Wraz w wyborem do Senatu Ryszarda Brejzy, dotychczasowego prezydenta Inowrocławia, wygasła jego prezydentura. Ratuszem w okresie przejściowym zarządza sekretarz, ale tylko w zakresie posiadanych pełnomocnictw, co nie pozwala mu na podejmowanie wielu decyzji. Od trzech tygodni wojewoda i premier nie wskazali komisarza, który mógłby do wyborów samorządowych zastąpić prezydenta.

- PiS zdecydowanie przegrywa wszystkie wybory w Inowrocławiu. Taka jest wola suwerena. Przedstawicielami mieszkańców Inowrocławia wybranymi w sposób demokratyczny są radni miejscy i to oni już 16 października zwrócili się do premiera i wojewody o wyznaczenie na komisarza, który zastąpi prezydenta do najbliższych wyborów, pana Wojciecha Piniewskiego, mojego wieloletniego zastępcę. Dobre obyczaje wskazywałyby na konieczność uwzględnienia tej propozycji. Przed swoim odejściem z urzędu miasta udzieliłem wszelkich możliwych pełnomocnictw urzędnikom i zorganizowałem pracę tak, aby zadania publiczne były nadal realizowane bez negatywnych skutków dla mieszkańców. Cieszę się, że praca urzędu odbywa się bez żadnych perturbacji, a Miasto realizuje wszystkie wcześniejsze uzgodnienia - mówi nam były już prezydent Ryszard Brejza.

Senator-elekt podkreśla jednak, że brak komisarza może odbić się na dalszej pracy ratusza. Jak mówi, obowiązujące prawo nie pozwala na podejmowanie pewnych decyzji finansowych nikomu poza prezydentem - lub zastępującym go komisarzem.

- Do 15 listopada każdy prezydent, burmistrz, wójt musi opracować i podpisać projekt budżetu na kolejny rok i przekazać go radnym.

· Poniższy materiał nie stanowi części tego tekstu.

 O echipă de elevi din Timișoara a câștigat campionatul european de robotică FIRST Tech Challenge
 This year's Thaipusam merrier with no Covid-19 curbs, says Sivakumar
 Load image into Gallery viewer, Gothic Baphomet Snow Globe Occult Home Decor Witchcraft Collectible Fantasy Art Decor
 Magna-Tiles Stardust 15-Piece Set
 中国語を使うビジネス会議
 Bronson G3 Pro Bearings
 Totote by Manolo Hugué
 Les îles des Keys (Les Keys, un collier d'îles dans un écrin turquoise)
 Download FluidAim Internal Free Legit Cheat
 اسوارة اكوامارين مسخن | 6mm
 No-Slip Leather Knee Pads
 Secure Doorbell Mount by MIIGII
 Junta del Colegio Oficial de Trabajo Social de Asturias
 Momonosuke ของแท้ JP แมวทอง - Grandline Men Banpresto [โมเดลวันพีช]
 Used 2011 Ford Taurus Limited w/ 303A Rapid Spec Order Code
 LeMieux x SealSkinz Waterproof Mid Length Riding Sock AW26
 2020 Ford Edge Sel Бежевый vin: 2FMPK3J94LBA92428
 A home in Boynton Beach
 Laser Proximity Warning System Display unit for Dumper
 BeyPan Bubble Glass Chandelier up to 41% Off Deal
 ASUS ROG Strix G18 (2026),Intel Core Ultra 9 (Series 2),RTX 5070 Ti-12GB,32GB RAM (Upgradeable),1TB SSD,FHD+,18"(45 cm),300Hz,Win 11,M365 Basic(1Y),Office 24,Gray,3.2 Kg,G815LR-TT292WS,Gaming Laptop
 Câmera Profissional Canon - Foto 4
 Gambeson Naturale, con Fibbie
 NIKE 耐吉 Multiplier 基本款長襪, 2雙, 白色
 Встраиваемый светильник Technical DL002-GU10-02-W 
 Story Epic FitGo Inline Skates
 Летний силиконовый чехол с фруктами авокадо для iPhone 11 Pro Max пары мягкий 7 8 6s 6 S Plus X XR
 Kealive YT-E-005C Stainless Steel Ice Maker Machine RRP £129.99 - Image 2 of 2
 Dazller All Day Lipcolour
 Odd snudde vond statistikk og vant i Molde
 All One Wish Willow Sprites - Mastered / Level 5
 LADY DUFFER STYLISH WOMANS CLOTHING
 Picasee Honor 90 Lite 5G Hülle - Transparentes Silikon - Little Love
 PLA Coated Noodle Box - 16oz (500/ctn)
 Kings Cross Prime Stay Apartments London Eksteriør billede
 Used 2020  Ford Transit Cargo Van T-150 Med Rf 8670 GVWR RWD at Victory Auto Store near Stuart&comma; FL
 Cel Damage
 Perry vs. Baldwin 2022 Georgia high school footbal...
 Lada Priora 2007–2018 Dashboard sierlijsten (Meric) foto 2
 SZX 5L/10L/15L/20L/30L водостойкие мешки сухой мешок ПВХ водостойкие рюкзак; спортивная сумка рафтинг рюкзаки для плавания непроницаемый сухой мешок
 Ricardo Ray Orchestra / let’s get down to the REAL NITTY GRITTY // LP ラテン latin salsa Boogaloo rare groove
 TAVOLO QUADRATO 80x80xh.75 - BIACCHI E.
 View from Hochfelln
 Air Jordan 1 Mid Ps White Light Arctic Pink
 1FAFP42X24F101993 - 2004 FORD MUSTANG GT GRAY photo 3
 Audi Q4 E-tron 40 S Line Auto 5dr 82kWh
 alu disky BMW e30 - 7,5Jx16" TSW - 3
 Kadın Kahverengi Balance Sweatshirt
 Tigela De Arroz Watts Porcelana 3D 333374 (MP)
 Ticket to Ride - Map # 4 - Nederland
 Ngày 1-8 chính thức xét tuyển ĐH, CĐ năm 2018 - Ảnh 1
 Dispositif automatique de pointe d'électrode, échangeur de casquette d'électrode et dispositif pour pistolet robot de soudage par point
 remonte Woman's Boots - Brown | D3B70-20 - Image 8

Prace nad projektem uchwały budżetowej trwają, ale jedyną osobą, która może na niej złożyć podpis w zastępstwie prezydenta jest komisarz. Podobny problem powstanie przy konieczności przenoszenia środków w aktualnym budżecie. Po trzech tygodniach od wyborów mam wrażenie, że tym, którzy je przegrali, zależało na wywołaniu w Inowrocławiu negatywnych ocen, emocji i zamieszania. Są jakby obrażeni. Temu może służyć brak decyzji w sprawie uwzględnienia propozycji radnych, nie wspominając już o lekceważącym braku odpowiedzi. Koniec rządów PiS jest taki, jak poprzednie osiem lat - bez kultury, klasy i dobrych obyczajów. Potrwa to już niedługo - dodaje Ryszard Brejza.

Nie tylko Inowrocław nadal czeka na komisarza. Podobna sytuacja jest w Sopocie, czy Tychach.